If there’s a case to be made for optimism on this exact day, October 1, 2019, then it would have been born out of a nation in discontent. The United States has seen the power of protest fully flexed over the past three years. There have been marches in the streets connected to literally every issue for which we might feel a modicum of positivity.

That’s how the process is supposed to go, right? The people recognize an injustice, they grapple publicly and privately with it, they rally against it, and, eventually, their discontent ascends higher until it reaches the halls of power. “Sparks fly upward,” as the poet said.

Isn’t that literally the idea behind the whole “the arc of the moral universe bends toward justice” quote? It’s not like the arc bends naturally, right? The arc needs people and eventually policymakers to tug on it. It requires force. It’s iron rebar not Uri Gellar’s spoon. And just as you think “wow, this moral arc sure is bending” comes a new set of forces intent on bending it even further led by a new generation. And again. And again. With more urgency every time.

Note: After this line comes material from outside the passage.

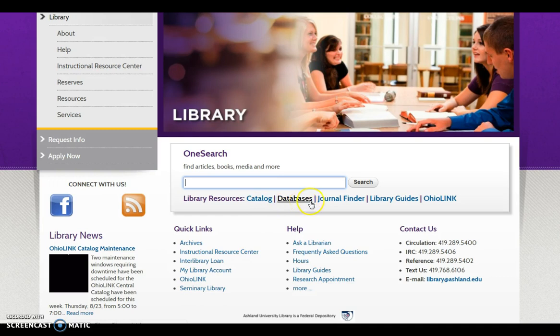Directly below OneSearch are library links for the catalog, databases, journal finder, library guides, and Ohio Link.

So while this might very well be the time for optimism, it’s certainly not the time to relent. There’s not a moment to coast.

If you’re anywhere on the Democratic/ Liberal end of the political spectrum, you still have an array of candidates to fit your personal belief patterns. Candidates fighting big business. Candidates focused on compassion-driven immigration policy. Candidates who don’t want you to have to self-regulate insulin because you can’t afford it. Savor them. Play to win and get behind the one who you believe will help build a better world.

If you’re a Republican, you may just get a fresh start without having to do the requisite mental gymnastics to excuse why the leader of the free world is using his influence to enrich himself and attack his enemies. You could be part of returning your party to its small-government ideals, or its history of protecting natural spaces.

At its heart, the “case for optimism” is a case for persistence. A reminder to redouble our efforts and keep pushing, evolving, and growing in the fight for a planet where the dignity of all people and the environment is protected. A planet where “change” doesn’t need to induce fear.